## Exercise aim
Look for the line containing "ジャイアントレッドミルワーム（レッドワーム）1kg(約800‐900匹" and the line containing "Madagascar: la construction" in the entries below. Copy those two and all lines between them exactly, leaving out pictures.

## Data
▽

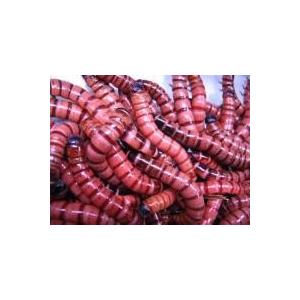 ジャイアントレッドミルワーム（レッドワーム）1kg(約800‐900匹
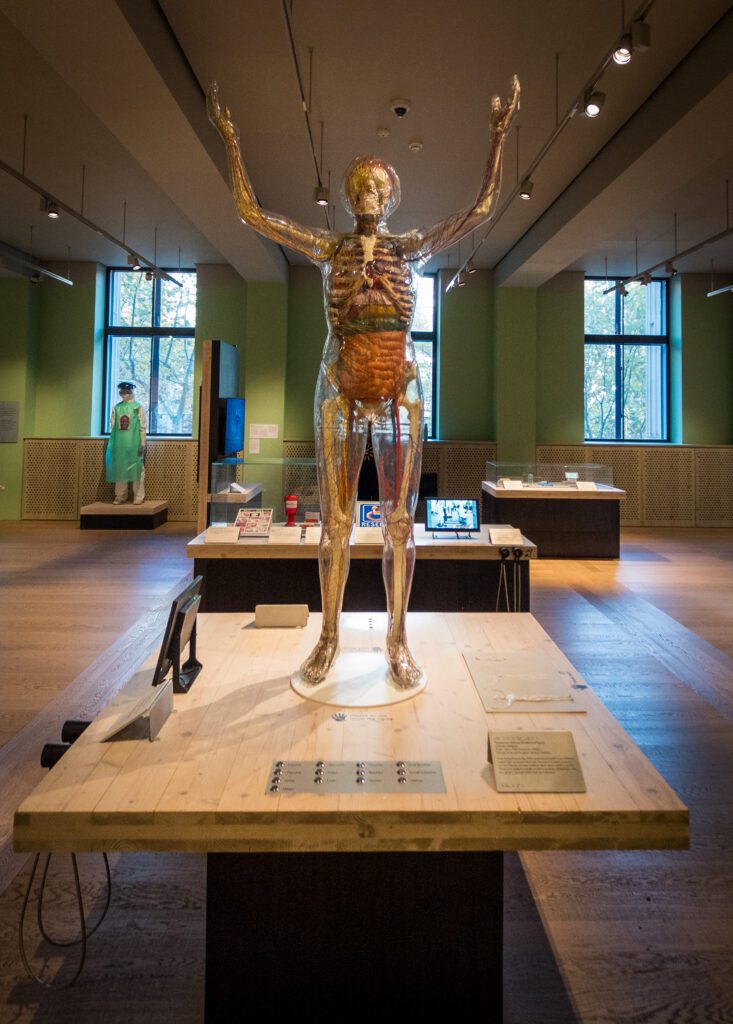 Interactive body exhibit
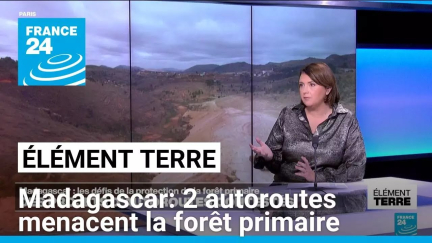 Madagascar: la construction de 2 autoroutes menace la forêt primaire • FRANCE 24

△
▽

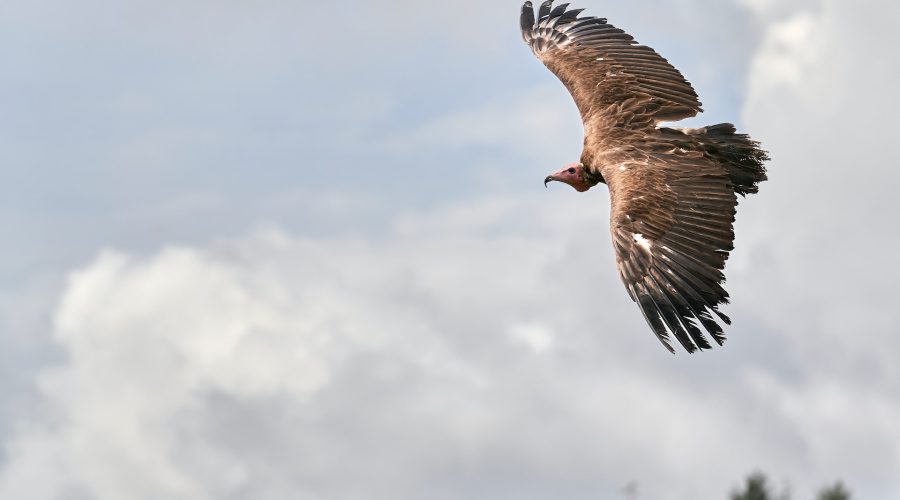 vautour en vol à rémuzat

△

## Solution for this problem
 ジャイアントレッドミルワーム（レッドワーム）1kg(約800‐900匹
 Interactive body exhibit
 Madagascar: la construction de 2 autoroutes menace la forêt primaire • FRANCE 24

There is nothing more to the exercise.